Não é de onde vimos. Mas para onde vamos
Incapazes de olhar o passado de forma questionadora, para melhor perceber o presente e enriquecendo-nos com hipóteses de futuro, fixamo-lo de forma romantizada.
Está tudo ligado. Passado, presente e futuro. Tal como o que fomos, somos e desejamos ser. O passado é dinâmico. Não é um fio contínuo. Há descontinuidades, recuperações ou reavaliações que permitem novos entendimentos. Tal como as identidades. Não somos, vamos sendo. No entanto, o peso do passado hoje em dia, quando encarado de forma cristalizada, é esmagador. O mesmo ocorrendo nas relações intersubjectivas com aquilo que supostamente nos define: naturalidade, país, ocupação, família, credo, género, ascendência, consumos culturais.

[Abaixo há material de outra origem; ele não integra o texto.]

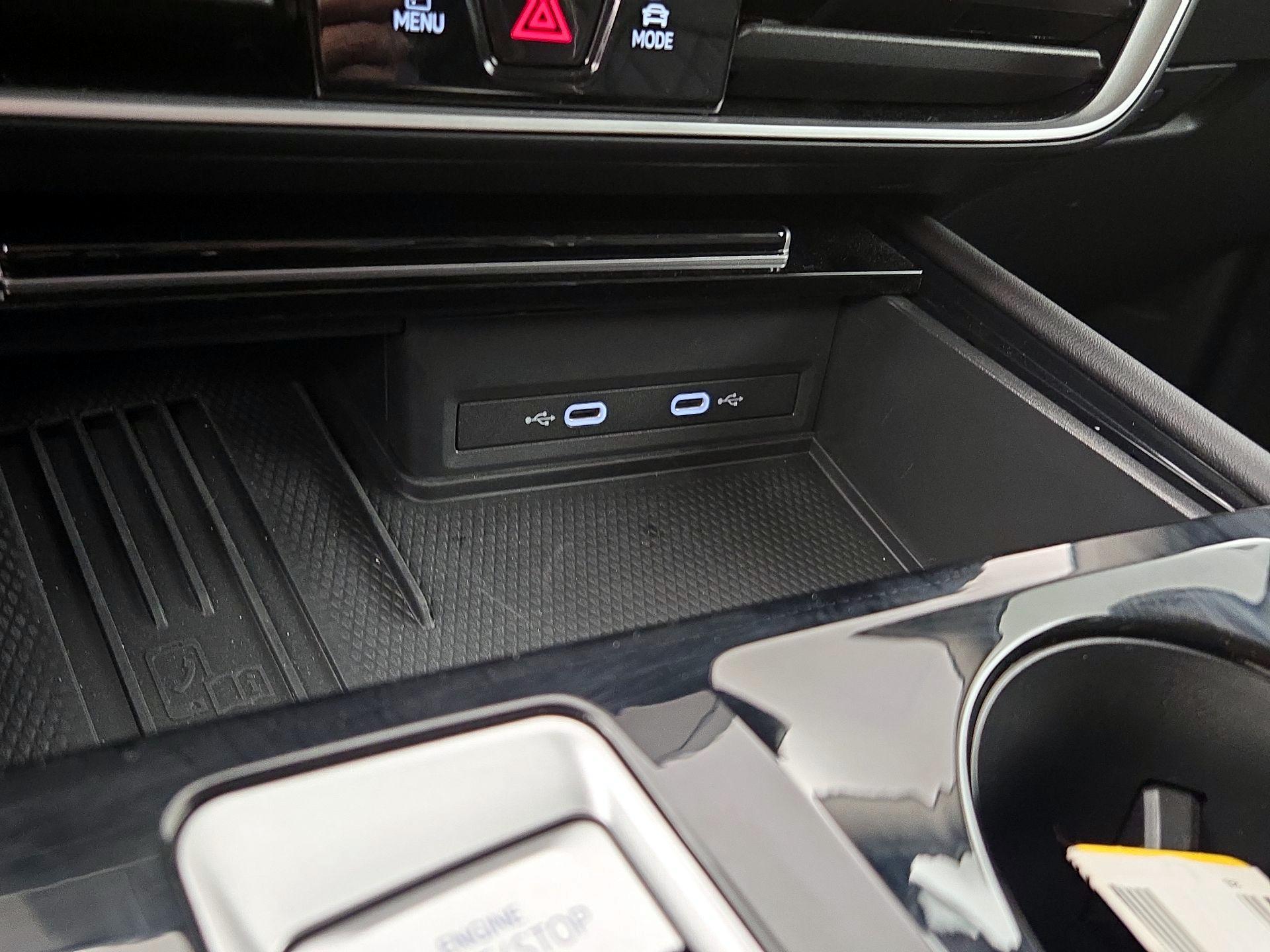 Thumbnail: 2026 Volkswagen Atlas - 19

Essas informações são relevantes, criam contexto, uma base de diálogo. É inevitável passar por elas. Permitem reconhecer o outro. Mas possibilitam conhecê-lo mesmo? Por norma, as nossas perguntas são: como te chamas? O que fazes? De onde vens? Pode gerar-se uma identificação com o outro a partir das suas origens, percurso, sociabilidades ou interesses. Mas, para um envolvimento aprofundado, é necessário ir bem mais longe. Perceber o que pensa, o que procura, o que deseja partilhar, o que podemos fazer em conjunto. Não num sentido instrumental. Mas enquanto hipótese de criar um horizonte comum. É isso que permite edificar pontes. É relevante perceber de onde vimos, mas apenas para delinear onde queremos ir.

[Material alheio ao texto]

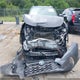 4T3E6RFV8MU062341 2021 Toyota Rav4 Hybrid Xse auction photo thumbnail 6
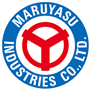 FC Maruyasu Okazaki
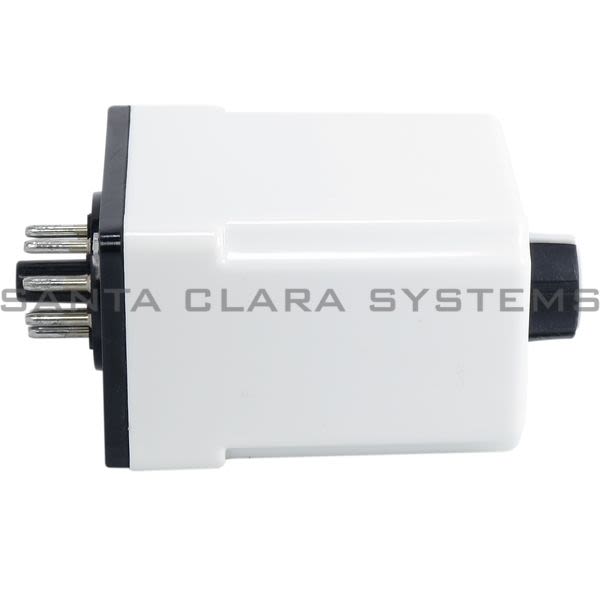 Allen Bradley 700-HT12BA1 Time Delay Relay Product Image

Infelizmente não é isso que se vislumbra hoje. O que se vê é gente a dar-se com outra gente, não a partir de uma noção comum de movimento, de gana de repartição de ideias ou de perspectivas futuras, mas agarrados a códigos predefinidos ou a respostas automáticas. Assim, não se reflecte em conjunto. Só existe reconhecimento, preservação, duplicação de comportamentos e actuação a partir deles. Tudo o que não encaixa nesse olhar codificado — sombras, contradições, impurezas — e que é precisamente aquilo que nos poderia dar a ver a realidade de uma outra forma, potencializando novas ideias e acções, é mandado borda fora.

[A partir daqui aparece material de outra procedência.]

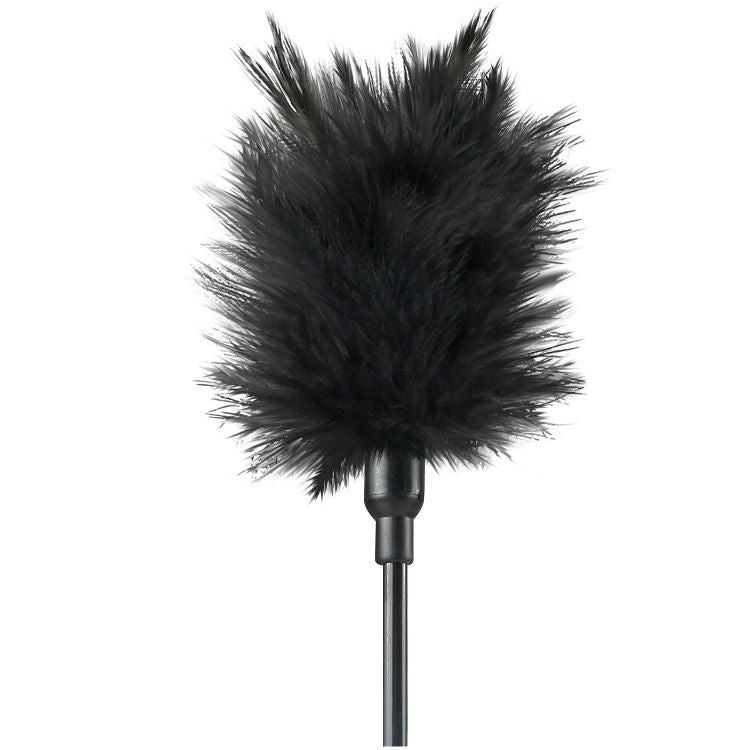 Bondage Teaser Kit Svart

Tudo o que sai fora das prateleiras é renegado. Somos produto de diversas recriações, mas perante o conflito, em vez da abertura, da curiosidade, da troca desinteressada, da integração de novas realidades de forma transversal e da enunciação de outros futuros, o que temos é mais moralismo, tribalismo, bairrismo, atavismo e um conservadorismo latente.
Desistimos de nos envolver a partir da vontade de fazermos juntos e de interrogar: o que te move? Onde desejas ir? O que temos é gente apenas interessada em garantir a sua posição individual no seio de determinado grupo, desistindo de transformar o mundo, satisfeitos que o seu mundo parcelar lhes aconteça, numa reprodução social em circuito fechado.
Colectivamente acontece o mesmo. Incapazes de olhar o passado de forma questionadora, para melhor perceber o presente e enriquecendo-nos com hipóteses de futuro, fixamo-lo de forma romantizada. Já só desejamos regressar aos tempos antes do irromper da crise financeira. Ou a um passado ainda mais selectivo e idealizado lá para trás. Não espanta que regressem gestos ditatoriais, autoritarismos ou proteccionismos, como se a única opção perante impasses, desigualdades ou descrença no sistema político, fosse a melancolia de uma memória petrificada.
A história é múltipla, dinâmica e heterogénea. As identidades também. Não há esquemas únicos. Mas hoje parece que o esquecemos. Era necessário voltar a acreditar na construção de um futuro. Era preciso valorizar a possibilidade de nos envolvermos a partir da capacidade de fazermos juntos. Era preciso não desistir de fazer as perguntas que podem gerar mudanças. O que desejas? Para onde queres ir? Vamos juntos?